Há muito a questão trabalhista deixou de ser um tema jurídico nas manifestações a respeito proferidas por ministros do STF.
Jorge Luiz Souto Maior
Fonte: A Terra é Redonda
Os posicionamentos adotados pela maioria dos ministros do STF, em matéria trabalhista, são orientados por uma compreensão de cunho econômico de índole neoliberal que é, como se sabe, arredia à efetividade dos direitos sociais e, também, uma afronta ao projeto de Estado Social fixado na Constituição Federal.

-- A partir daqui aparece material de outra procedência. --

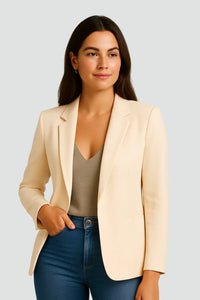 Elise Lang Blazer Dame – Taljesnit med Klapkrave og Klaplommer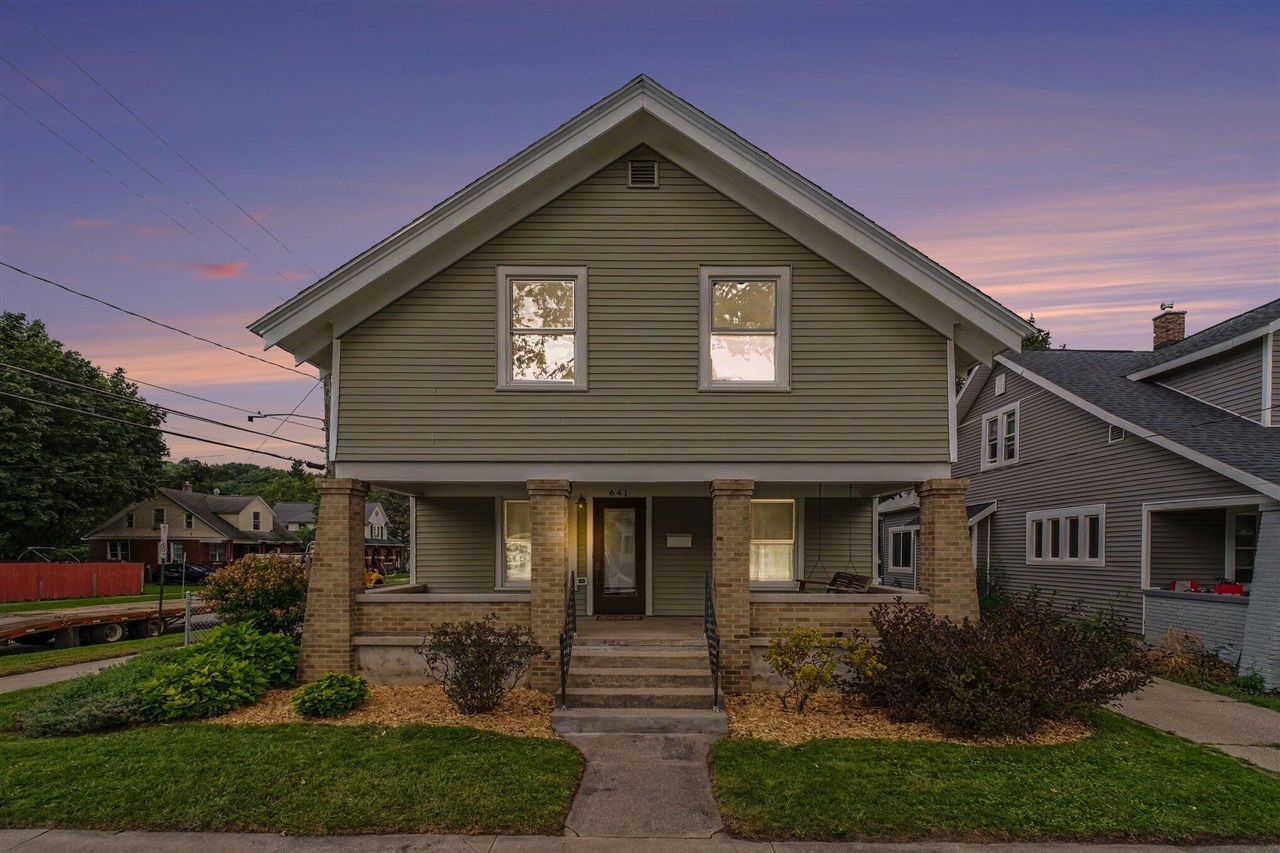 Photo 1 of Single family home for sale at 641 Lincoln Ave, Grand Rapids, MI 49504 | MLS# 70554321 | Listing updated on 2026-10-01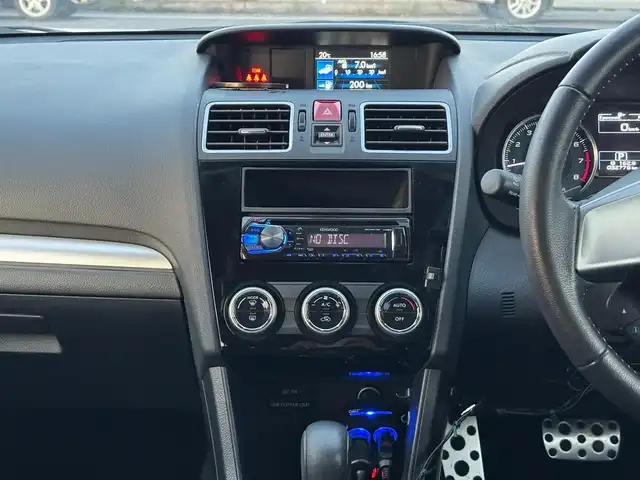 スバル インプレッサ スポーツ 1．6i－S 滋賀県 2015(平27)年 3.3万km アイスシルバーメタリック ワンオーナー/ケンウッドCDオーディオ/　CD USB ラジオ/ドライブレコーダー/ビルトインETC/パドルシフト/純正フロアマット/純正ドアバイザー/スペアキー/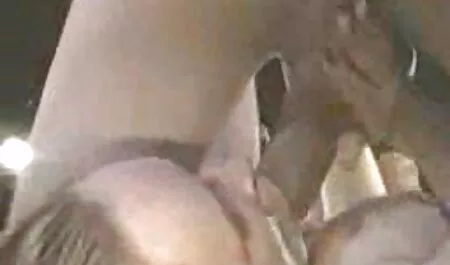 Секс еротика порно онлайн з молодими спортсменами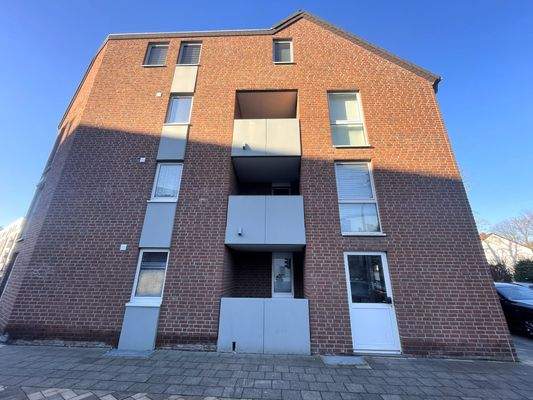 Haus_Seitenansicht & Loggia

Não se encontra um fundamento jurídico sequer em tais decisões. São sempre argumentos fincados em um sentimento pessoal marcado pela aderência aos interesses do poder econômico e por ofensas aos trabalhadores e trabalhadoras, à Justiça do Trabalho e ao Ministério Público do Trabalho.
A fragilidade dos argumentos jurídicos das decisões proferidas pelo Supremo no campo trabalhista tem proporcionado a proliferação de muitas críticas e até preservado uma postura judiciária com reiterados posicionamentos em sentido contrário.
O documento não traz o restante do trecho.